Exercise data:
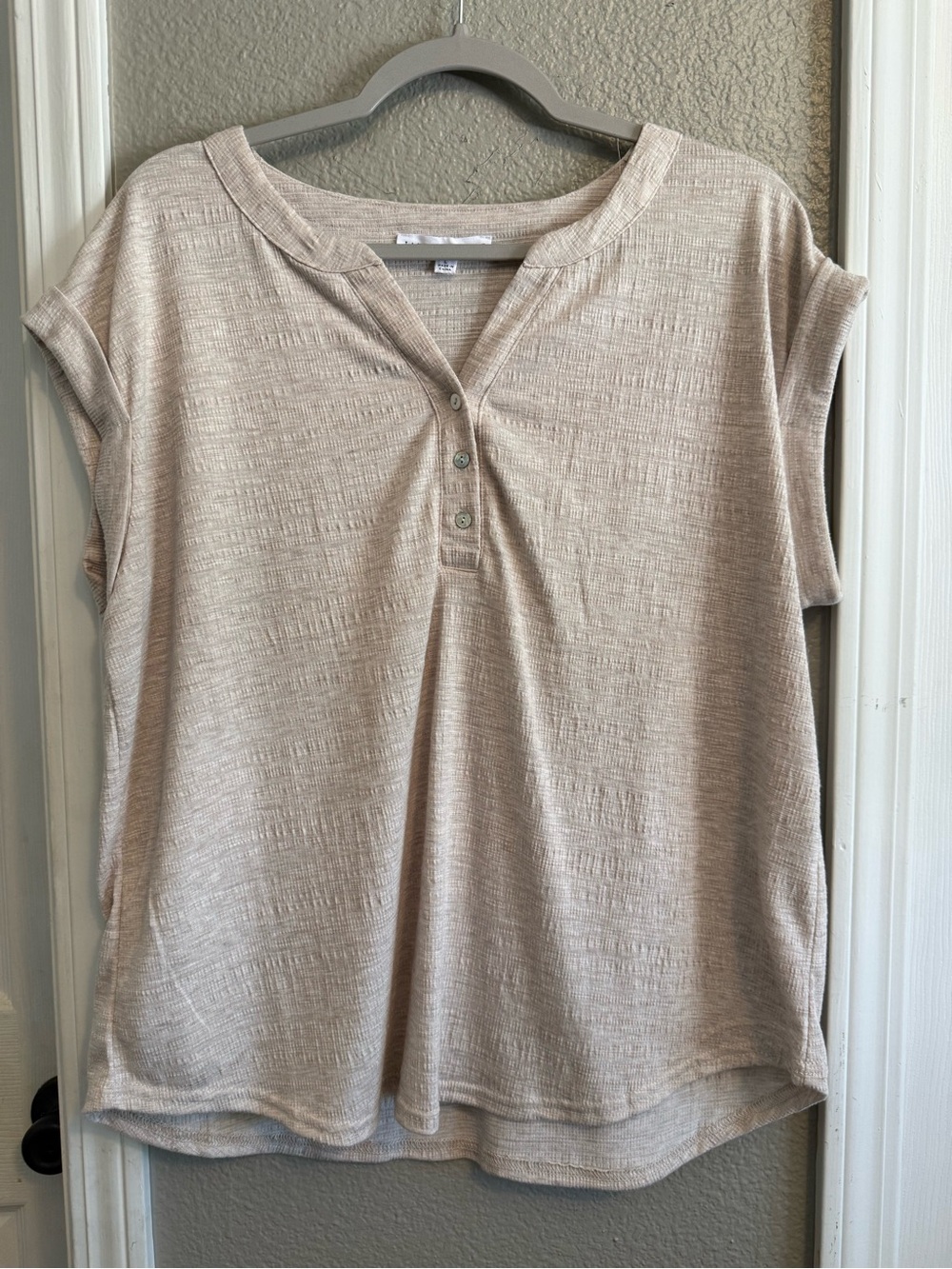 Jane Delancey Lightweight Beige Henley Cap-Sleeve Tee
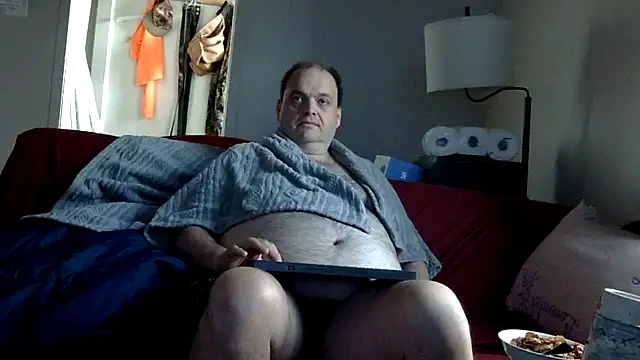 Snapshot of caressonnous chatting on 11/11/25, 01:44 caressonnous online show from 11/11/25, 01:44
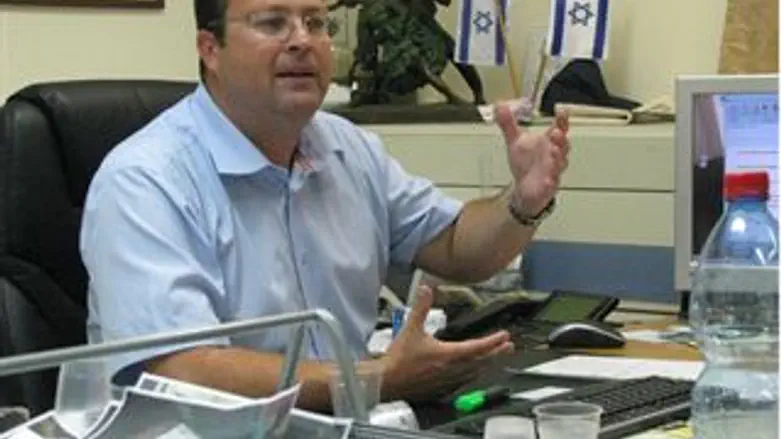 סגן ראש העיר כרמיאל אורן מילשטיין 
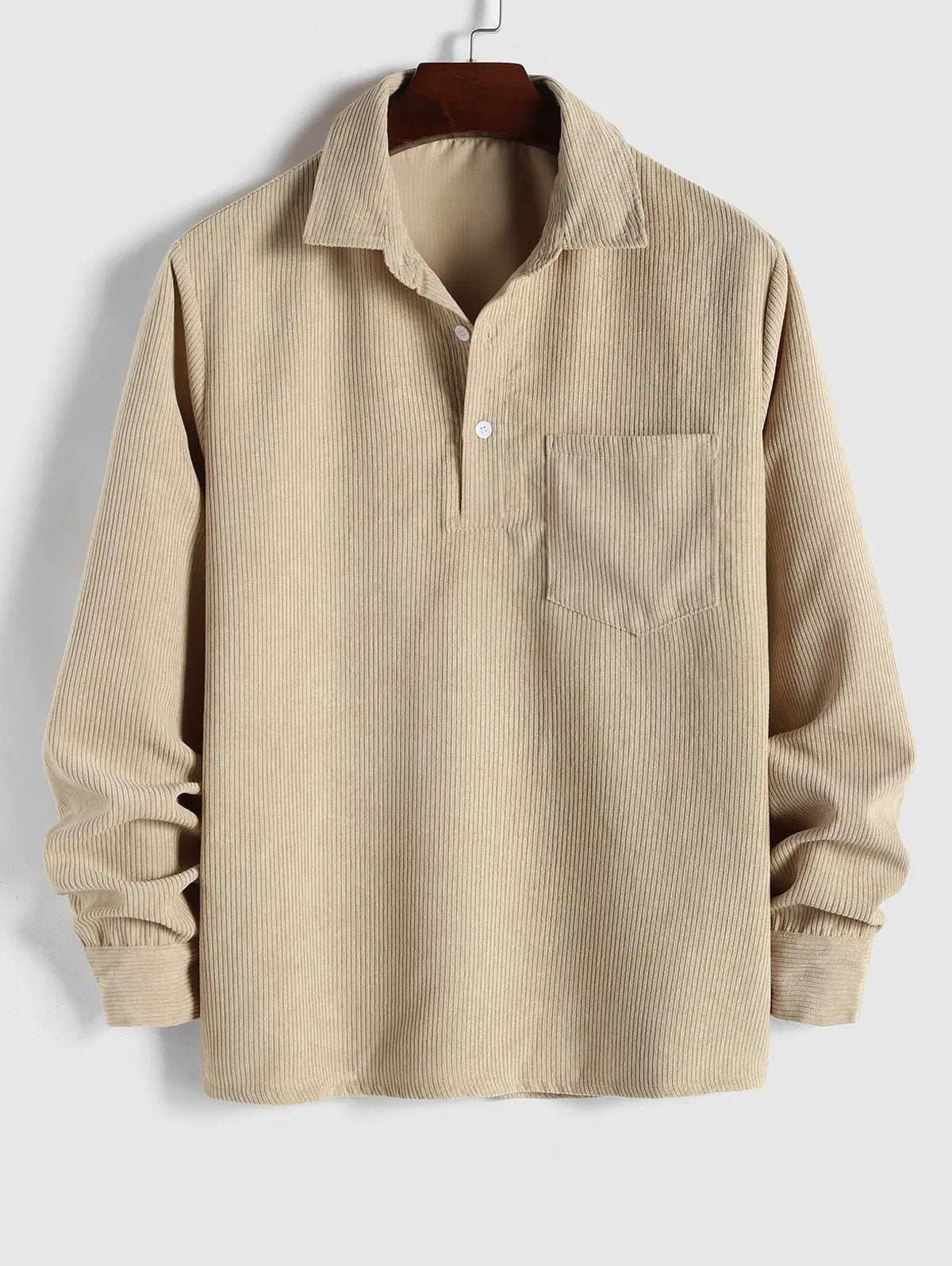 Camicia da uomo con colletto aperto e taschino sul petto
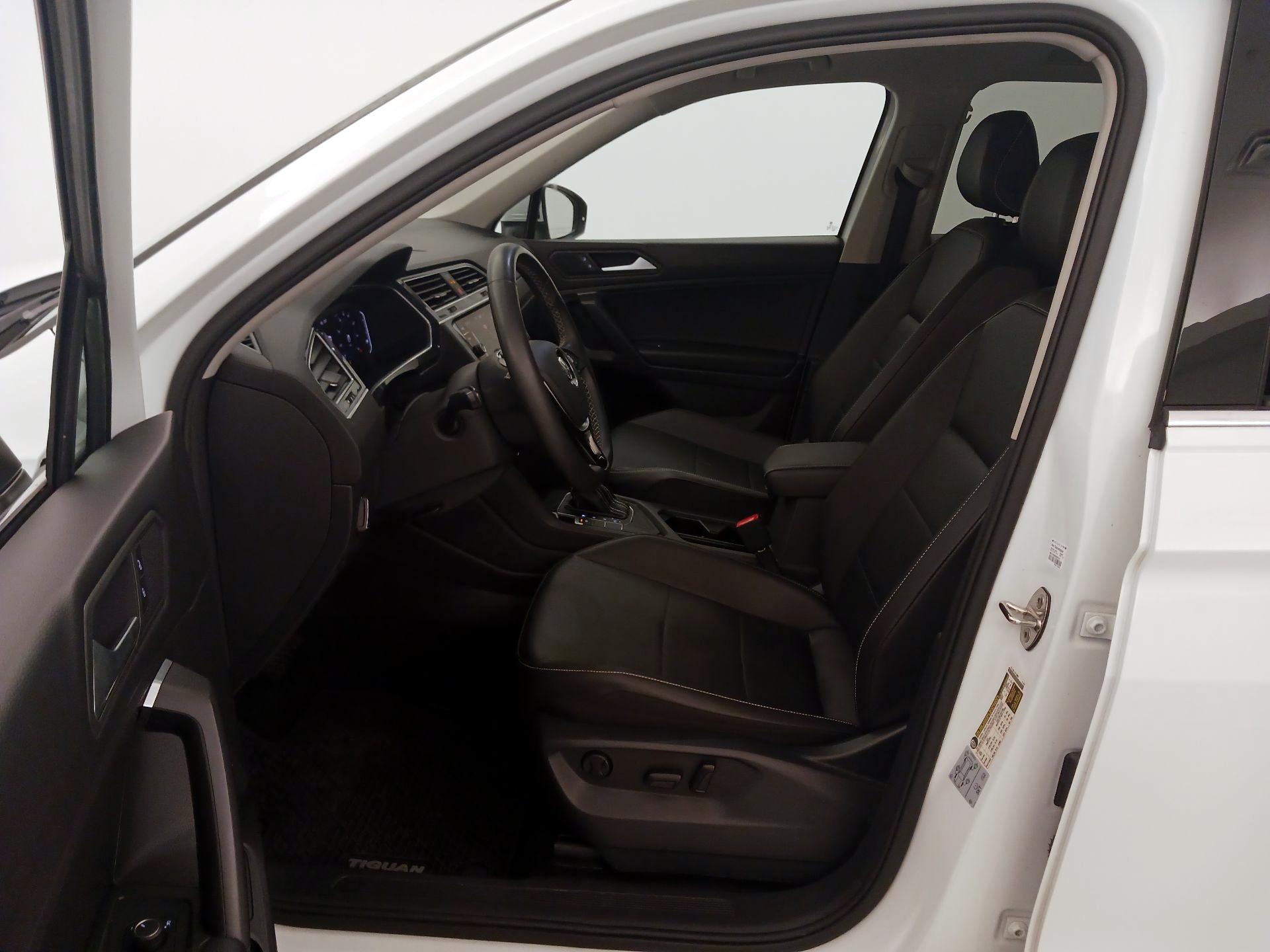 Thumbnail: 2021 Volkswagen Tiguan - 11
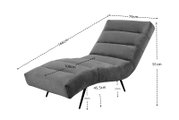 Graue, gepolsterte Relaxliege mit gestepptem Stoffbezug und schwarzen Metallbeinen in schräger Vorderansicht, inklusive Maßangaben: 166 cm lang, 79 cm breit und 91 cm hoch.
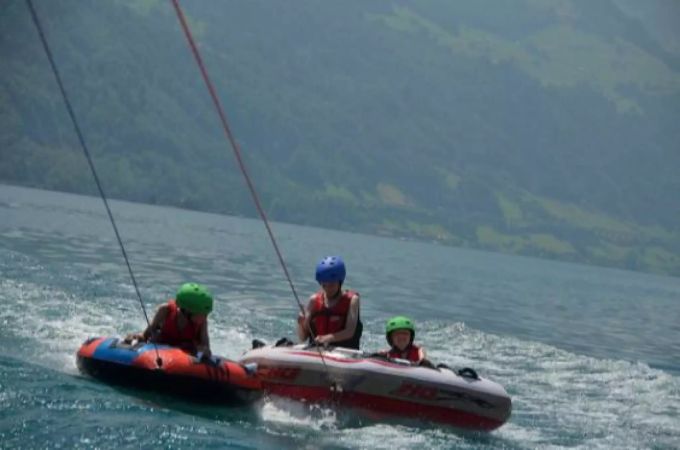 Auch Wasserspass auf dem Vierwaldstättersee gehört zum Angebot. Ferienpass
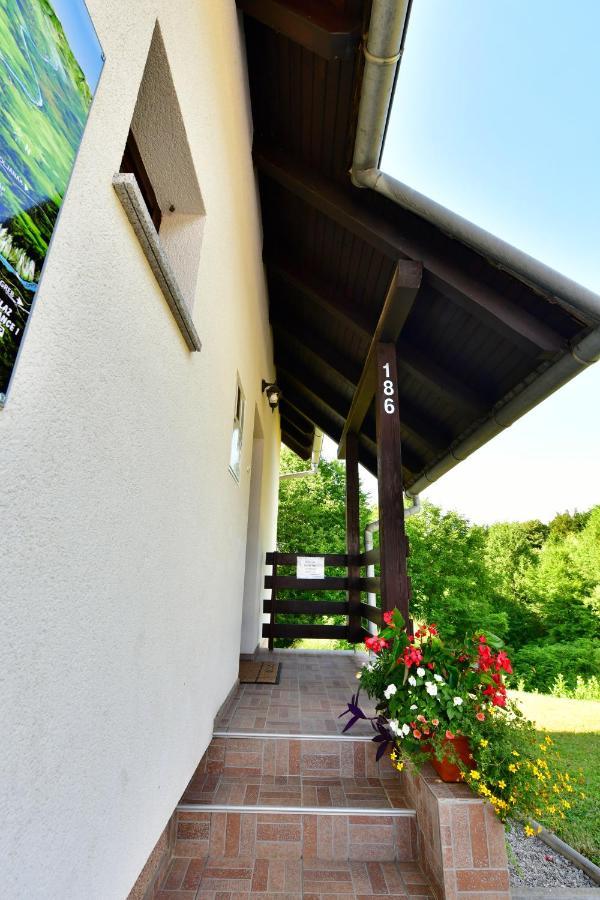Holiday Home Ostrun Раковица Екстер'єр фото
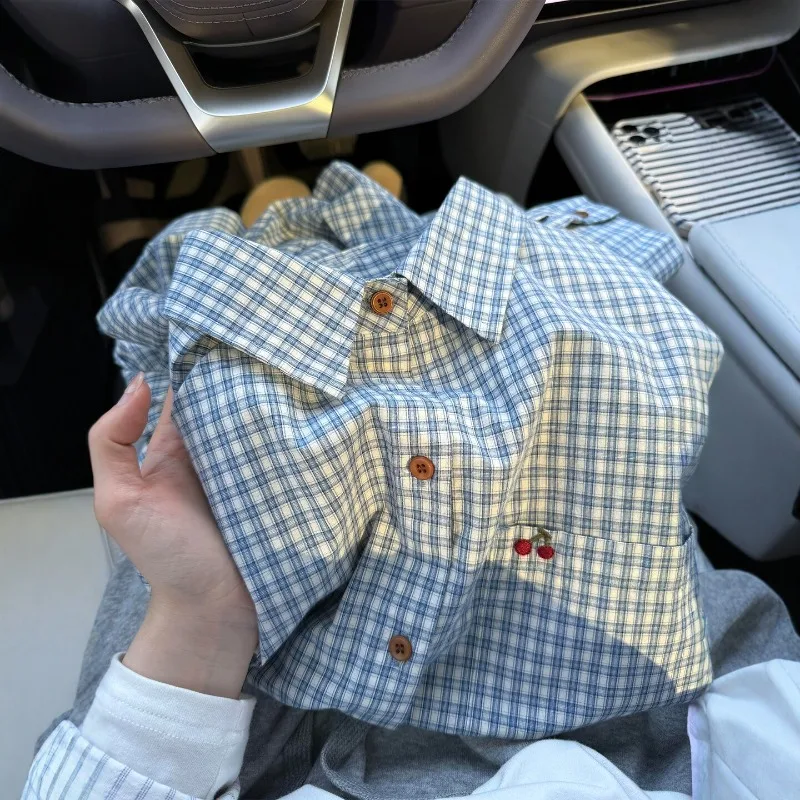 

Женская винтажная рубашка в клетку 2026: Новинка, с цветочной вышивкой, свободный крой, длинный рукав, повседневная весенняя верхняя одежда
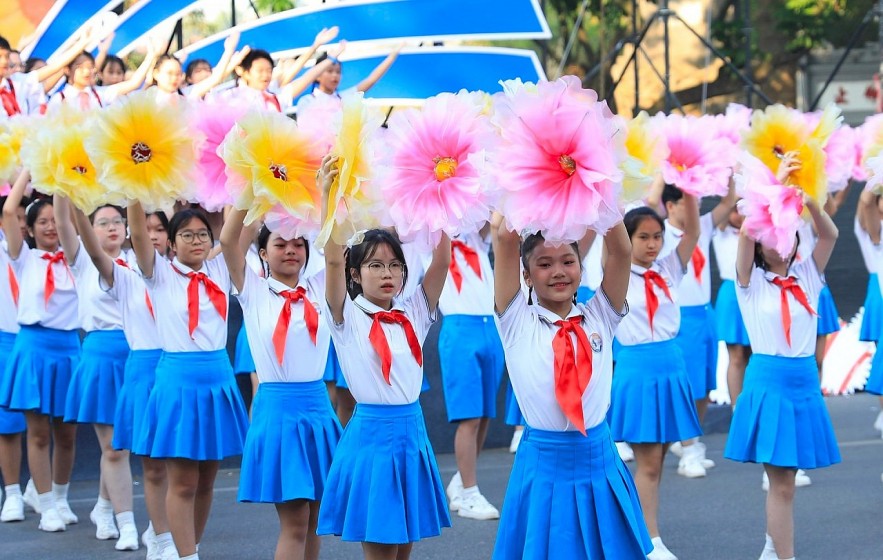 Nearly 3,000 People Participated in the "March of Capital Students"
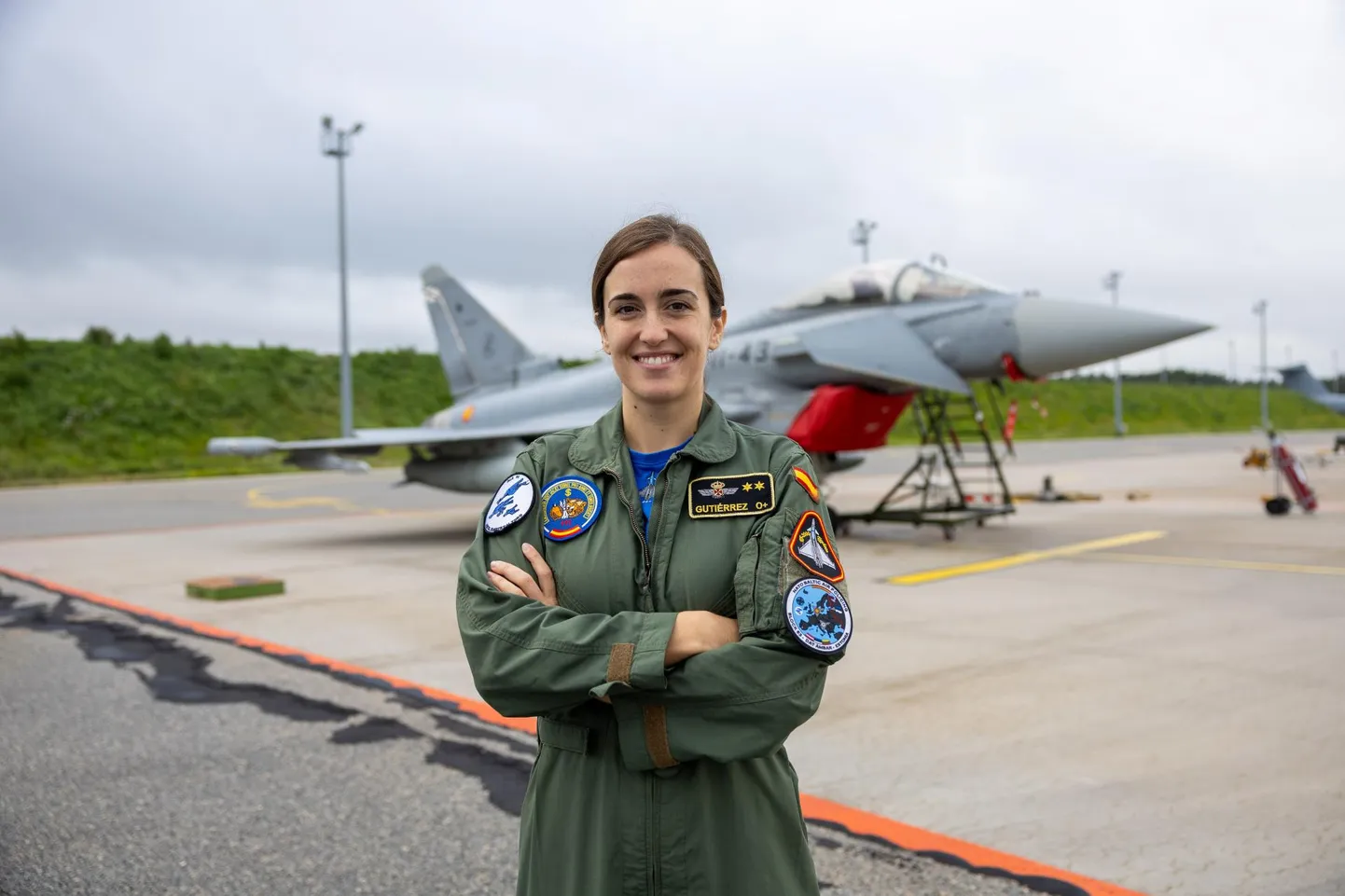 Leitnant Elena Gutiérrez Vidali lennumissioonid pikenevad, kui kohal on ka A400 transpordilennuk, millelt saab hävitajaid õhust tankida.
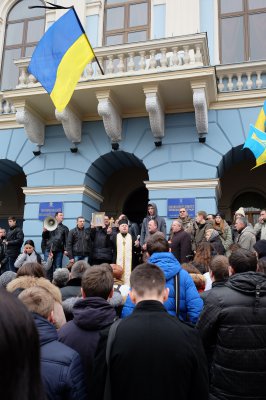 У Чернівцях біля ратуші молилися за вбитих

Task to complete: Write out again exactly the lines from the start of the data above through the line containing "Camicia da uomo", inclusive, excluding any pictures.

Answer below:
 Jane Delancey Lightweight Beige Henley Cap-Sleeve Tee
 Snapshot of caressonnous chatting on 11/11/25, 01:44 caressonnous online show from 11/11/25, 01:44
 סגן ראש העיר כרמיאל אורן מילשטיין 
 Camicia da uomo con colletto aperto e taschino sul petto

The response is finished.